Kerala Chicken Roast
Recipe type: Sides
Cuisine: Indian
Serves: 2
  • Chicken, 2 whole leg pieces (400-500 gms)
  • Onions, 4 large sliced
  • Tomatoes, 2 medium sized pureed
  • Curry leaves, 8 nos
  • Ginger garlic paste, 2 tbspns (for marination)
  • Coconut oil, 4-5 tbspns
  • To be ground:
  • Fennel seeds, ¾ tsp
  • Ginger, 2 inch piece
  • Garlic, 8-10 cloves
  • Coriander powder, 2 tsp
  • Garam Masala, 1 tsp
  • Chilli Powder, 1 tsp
  • Green Chilli, 1 no.
  • Cardamoms, 2 nos
  • Bay leaf, 1
  • Cinnamon, 1 inch stick
  • Cloves, 2 nos
  • Lime Juice, ½ a lime
  1. Grind together all the ingredients mentioned under to be ground.
  2. Clean the chicken and marinate it with ginger garlic paste, 3 tsps of the ground paste and salt to taste.
  3. Refrigerate the marinated chicken 2-3 hours.
  4. Place a pan on medium heat and add 2-3 tbspns of coconut oil.
  5. Add the sliced onions and fry till its brown.

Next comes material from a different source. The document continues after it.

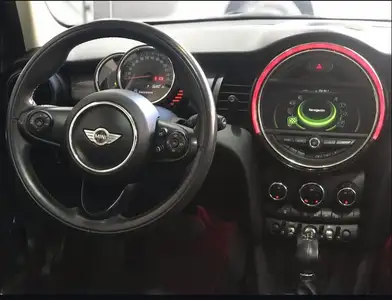 MINI cooper pepper wired 2016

  6. Now add the tomato puree and cook till oil oozes from the sides.
  7. At this stage add the curry leaves, the rest of the ground paste and salt to taste.
  8. Fry it till the raw smell disappears.
  9. In the meantime, shallow fry the chicken legs in 2-3 tbspns of oil till the sides are cooked and slightly browned.
  10. Now add this to the onion tomato mixture and cook till the chicken is fully done and there is no water in the roast.